• [PROVIDED MATERIAL]:
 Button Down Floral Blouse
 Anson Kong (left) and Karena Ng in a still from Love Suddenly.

==

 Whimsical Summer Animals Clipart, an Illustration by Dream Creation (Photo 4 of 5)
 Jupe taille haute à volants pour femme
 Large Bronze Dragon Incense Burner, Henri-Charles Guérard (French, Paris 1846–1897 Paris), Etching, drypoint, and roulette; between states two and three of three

...

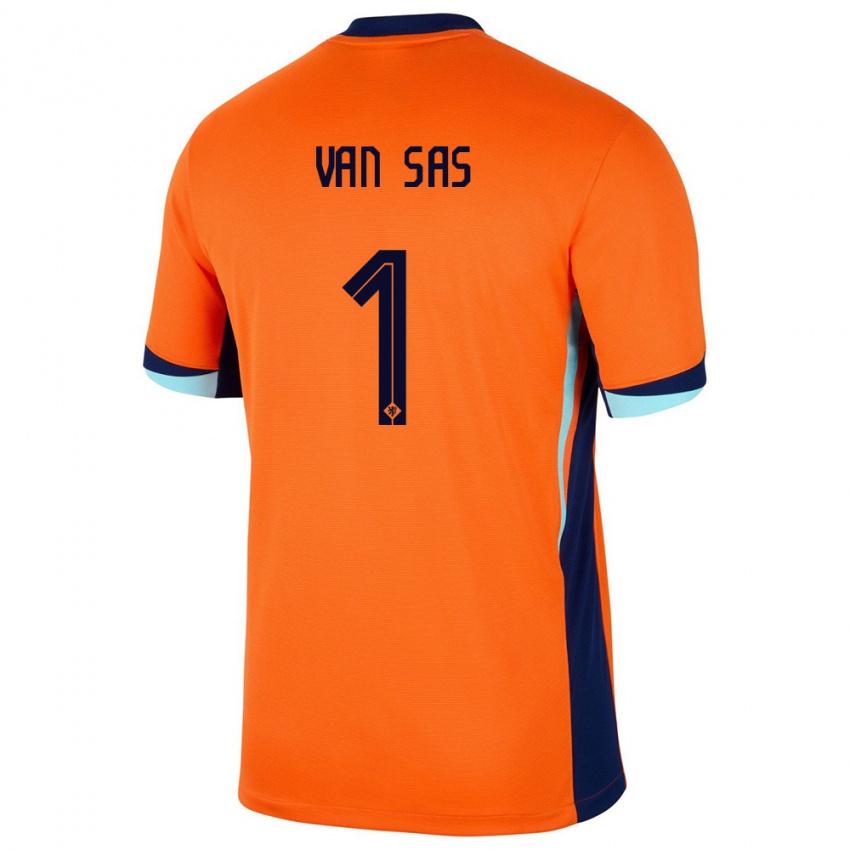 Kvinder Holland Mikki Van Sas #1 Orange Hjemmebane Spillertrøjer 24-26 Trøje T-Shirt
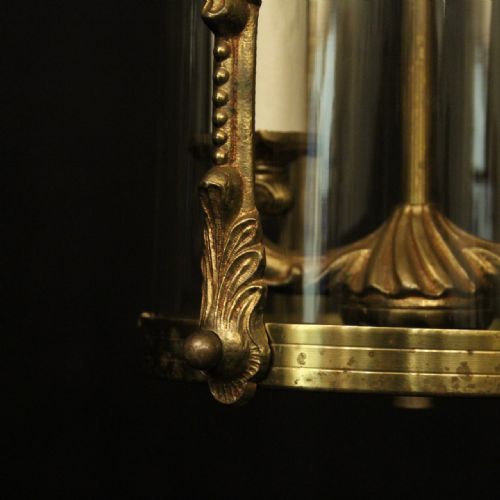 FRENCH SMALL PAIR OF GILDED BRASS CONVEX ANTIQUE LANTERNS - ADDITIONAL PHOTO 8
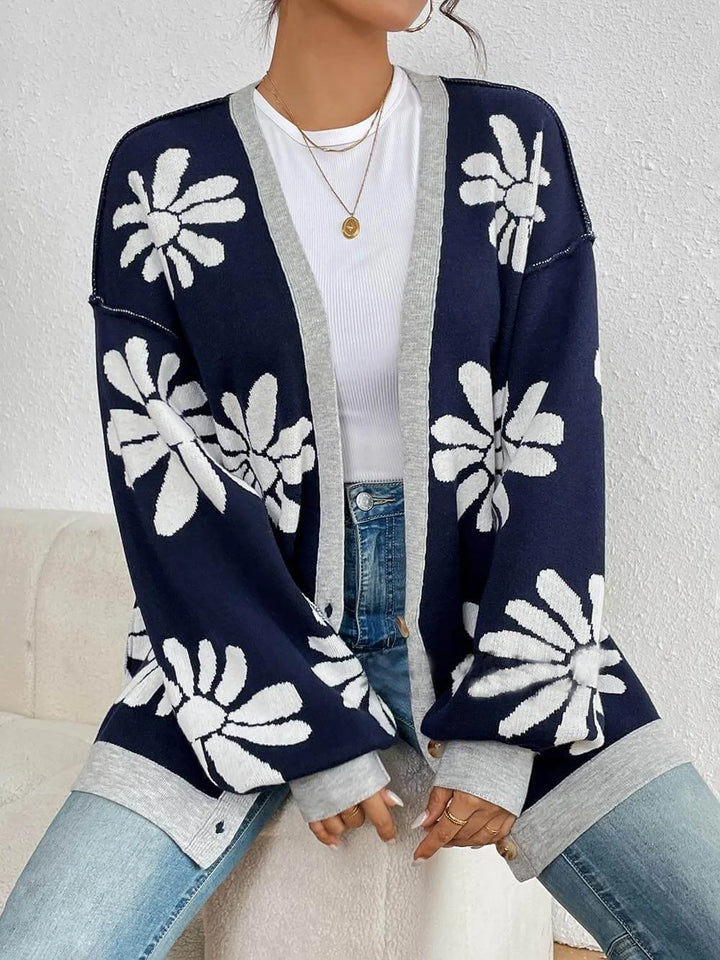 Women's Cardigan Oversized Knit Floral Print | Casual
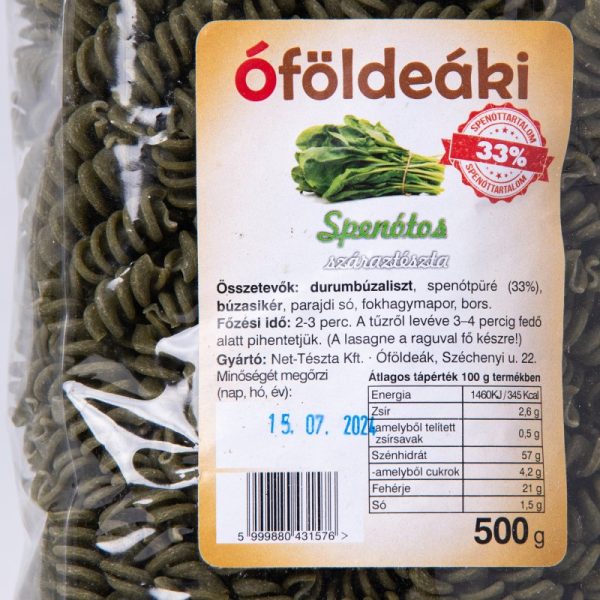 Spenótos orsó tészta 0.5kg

• [INSTRUCTIONS TO FOLLOW]: Although the records above contain pictures, the copy must not; set down exactly the lines from the one with "Women's Cardigan Oversized" up to and including the one with "Spenótos orsó tészta 0.5kg".

• [OUTPUT OF THE TASK]:
 Women's Cardigan Oversized Knit Floral Print | Casual
 Spenótos orsó tészta 0.5kg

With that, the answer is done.